The strategy was the following:
1) Start Infinispan server in local mode (only one server instance, eviction disabled)
2) Keep calling full garbage collection (via JMX or directly via System.gc() when Infinispan is deployed as a library) until the difference in consumed memory by the running server gets under 100kB between two consecutive runs of GC
3) Load the cache with 100MB of data via respective client (or directly store in the cache when Infinispan is deployed as a library)
4) Keep calling the GC until the used memory is stabilised
5) Measure the difference between the final values of consumed memory after the first and second cycle of GC runs
6) Repeat steps 3) 4) 5) four times to get an average value (first iteration ignored)
The amount of consumed memory was obtained from a verbose GC log (related JVM options: -verbose:gc -XX:+PrintGCDetails -XX:+PrintGCTimeStamps -Xloggc:/tmp/gc.log)
The test output looks like this: https://gist.github.com/4512589
The operating system (Ubuntu) as well as JVM (Oracle JDK 1.6) were 64-bit. Infinispan 5.2.0.Beta6. Keys were kept intentionally small (10-char-long String). Values are byte arrays. The target entry size is a sum of key size and value size.

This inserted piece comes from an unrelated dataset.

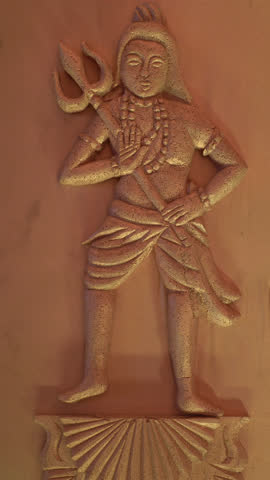 wall carved ancient statue of indian god shiva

Memory overhead of Infinispan accessed through clients
HotRod client
entry size -> overall memory
512B -> 137144kB
1kB -> 120184kB
10kB -> 104145kB
1MB -> 102424kB
So how much additional memory is consumed on top of each entry?
entry size/actual memory per entry -> overhead per entry
512B/686B -> ~174B
1kB(1024B)/1202B -> ~178B
10kB(10240B)/10414B -> ~176B
1MB(1048576B)/1048821B -> ~245B
MemCached client (text protocol, SpyMemcached client)

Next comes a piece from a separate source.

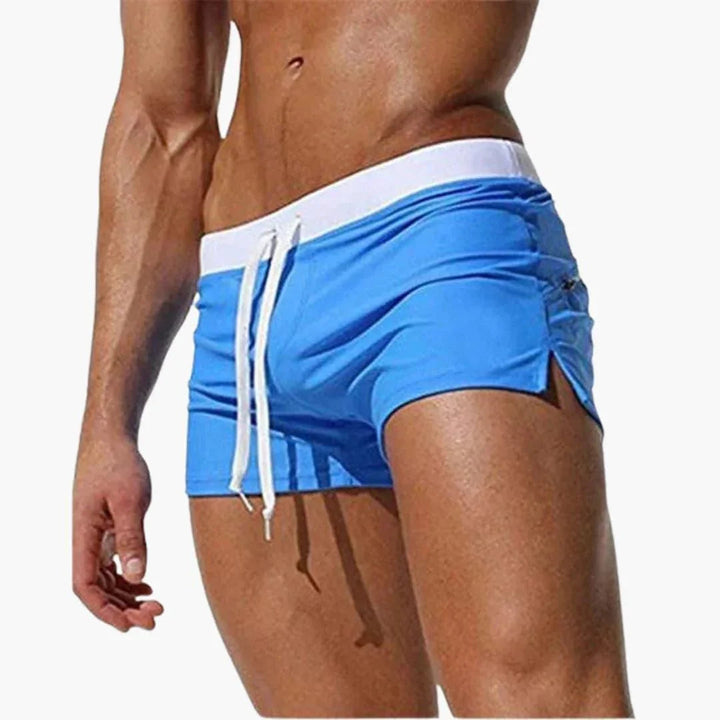 Modern men's quick-dry swimming shorts with a sleek contrast waistband, suitable for any water sport.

entry size -> overall memory
512B -> 139197kB
1kB -> 120517kB
10kB -> 104226kB
1MB -> N/A (SpyMemcached allows max. 20kB per entry)
entry size/actual memory per entry -> overhead per entry
512B/696B -> ~184B
1kB(1024B)/1205B -> ~181B
10kB(10240B)/10422B -> ~182B
REST client (Content-Type: application/octet-stream)

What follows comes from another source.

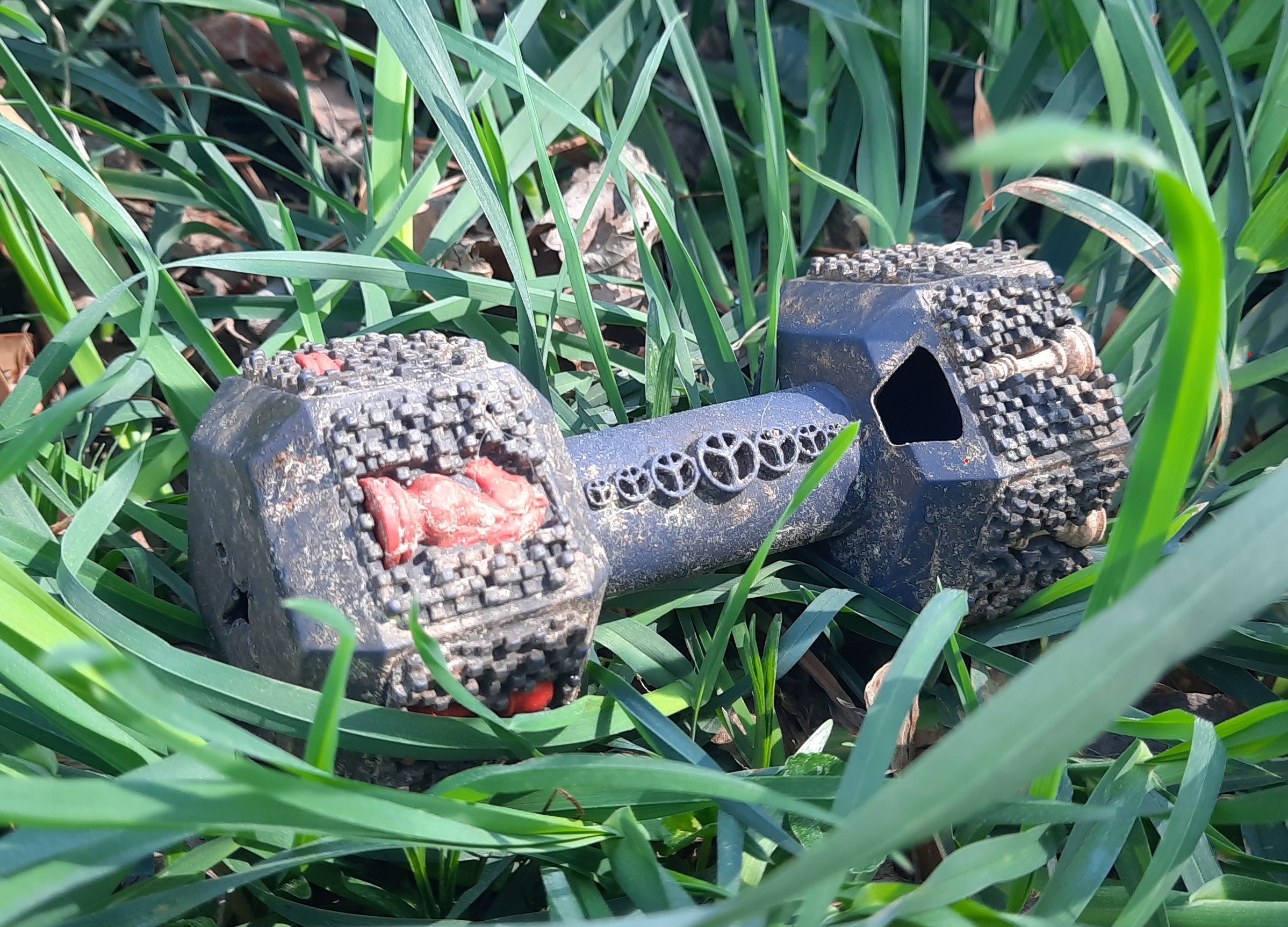 Our rubber chew toy laying in the grass in a close-up picture. The dumbbell toy is covered in dirt from the overuse. But It has no damage, showing how durable it is.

entry size -> overall memory
512B -> 143998kB
1kB -> 122909kB
10kB -> 104466kB
1MB -> 102412kB
entry size/actual memory per entry -> overhead per entry
512B/720B -> ~208B
1kB(1024B)/1229B -> ~205B
10kB(10240B)/10446B -> ~206B
1MB(1048576B)/1048698B -> ~123B
The memory overhead for individual entries seems to be more or less constant
across different cache entry sizes.
Memory overhead of Infinispan deployed as a library
Infinispan was deployed to JBoss Application Server 7 using Arquillian.
entry size -> overall memory/overall with storeAsBinary
512B -> 132736kB / 132733kB
1kB -> 117568kB / 117568kB
10kB -> 103953kB / 103950kB
1MB -> 102414kB / 102415kB
There was almost no difference in overall consumed memory when using
storeAsBinary attribute and when not.
entry size/actual memory per entry-> overhead per entry (w/o storeAsBinary)
512B/663B -> ~151B
1kB(1024B)/1175B -> ~151B
10kB(10240B)/10395B -> ~155B
1MB(1048576B)/1048719B -> ~143B
As you can see, the overhead per entry is constant across different entry sizes and is ~151 bytes.
Conclusion
The memory overhead is slightly more than 150 bytes per entry when storing data into the cache locally. When accessing the cache via remote clients, the memory overhead is a little bit higher and ranges from ~170 to ~250 bytes, depending on remote client type and cache entry size. If we ignored the statistics for 1MB entries, which could be affected by a small number of entries (100) stored in the cache, the range would have been even narrower.